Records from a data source
________

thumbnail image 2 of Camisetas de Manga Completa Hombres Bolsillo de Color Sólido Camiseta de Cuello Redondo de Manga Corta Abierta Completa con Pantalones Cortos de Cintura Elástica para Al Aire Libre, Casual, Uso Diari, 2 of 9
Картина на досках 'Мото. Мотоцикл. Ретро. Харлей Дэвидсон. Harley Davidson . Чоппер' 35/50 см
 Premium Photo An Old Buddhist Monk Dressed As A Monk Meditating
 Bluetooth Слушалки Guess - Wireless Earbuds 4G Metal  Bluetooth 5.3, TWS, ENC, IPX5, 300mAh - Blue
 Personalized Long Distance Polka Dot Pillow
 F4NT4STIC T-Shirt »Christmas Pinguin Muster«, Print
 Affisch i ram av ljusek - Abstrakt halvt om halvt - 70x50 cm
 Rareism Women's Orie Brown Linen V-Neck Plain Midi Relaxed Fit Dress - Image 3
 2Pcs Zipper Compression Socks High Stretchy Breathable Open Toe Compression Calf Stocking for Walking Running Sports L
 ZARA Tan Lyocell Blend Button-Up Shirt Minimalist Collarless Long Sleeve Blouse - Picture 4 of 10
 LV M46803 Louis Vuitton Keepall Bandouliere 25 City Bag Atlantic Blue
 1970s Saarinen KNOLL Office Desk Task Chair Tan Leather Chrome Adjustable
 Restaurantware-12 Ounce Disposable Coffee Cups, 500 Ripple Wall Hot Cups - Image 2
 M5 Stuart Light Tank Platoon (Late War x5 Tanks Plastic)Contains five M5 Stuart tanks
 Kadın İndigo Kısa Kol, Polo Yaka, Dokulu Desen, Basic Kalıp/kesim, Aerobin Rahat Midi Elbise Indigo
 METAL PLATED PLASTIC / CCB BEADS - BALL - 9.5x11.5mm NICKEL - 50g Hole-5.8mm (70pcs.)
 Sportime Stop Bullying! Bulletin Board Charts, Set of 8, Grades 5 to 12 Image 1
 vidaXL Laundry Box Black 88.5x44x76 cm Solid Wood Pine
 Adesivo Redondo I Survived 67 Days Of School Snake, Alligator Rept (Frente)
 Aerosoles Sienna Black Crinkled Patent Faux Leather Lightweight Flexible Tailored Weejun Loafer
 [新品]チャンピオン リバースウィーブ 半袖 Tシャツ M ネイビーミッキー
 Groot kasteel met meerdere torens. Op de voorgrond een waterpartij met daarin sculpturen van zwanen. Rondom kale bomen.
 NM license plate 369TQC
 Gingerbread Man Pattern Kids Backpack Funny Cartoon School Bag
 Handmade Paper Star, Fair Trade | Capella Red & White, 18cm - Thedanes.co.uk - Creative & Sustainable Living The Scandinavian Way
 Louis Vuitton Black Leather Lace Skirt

________

== WORK TO BE COMPLETED ==
Please print the lines from the start of the records up to and including the line with "ZARA Tan Lyocell", copying each one exactly and leaving out the rest.

== ANSWER ==
thumbnail image 2 of Camisetas de Manga Completa Hombres Bolsillo de Color Sólido Camiseta de Cuello Redondo de Manga Corta Abierta Completa con Pantalones Cortos de Cintura Elástica para Al Aire Libre, Casual, Uso Diari, 2 of 9
Картина на досках 'Мото. Мотоцикл. Ретро. Харлей Дэвидсон. Harley Davidson . Чоппер' 35/50 см
 Premium Photo An Old Buddhist Monk Dressed As A Monk Meditating
 Bluetooth Слушалки Guess - Wireless Earbuds 4G Metal  Bluetooth 5.3, TWS, ENC, IPX5, 300mAh - Blue
 Personalized Long Distance Polka Dot Pillow
 F4NT4STIC T-Shirt »Christmas Pinguin Muster«, Print
 Affisch i ram av ljusek - Abstrakt halvt om halvt - 70x50 cm
 Rareism Women's Orie Brown Linen V-Neck Plain Midi Relaxed Fit Dress - Image 3
 2Pcs Zipper Compression Socks High Stretchy Breathable Open Toe Compression Calf Stocking for Walking Running Sports L
 ZARA Tan Lyocell Blend Button-Up Shirt Minimalist Collarless Long Sleeve Blouse - Picture 4 of 10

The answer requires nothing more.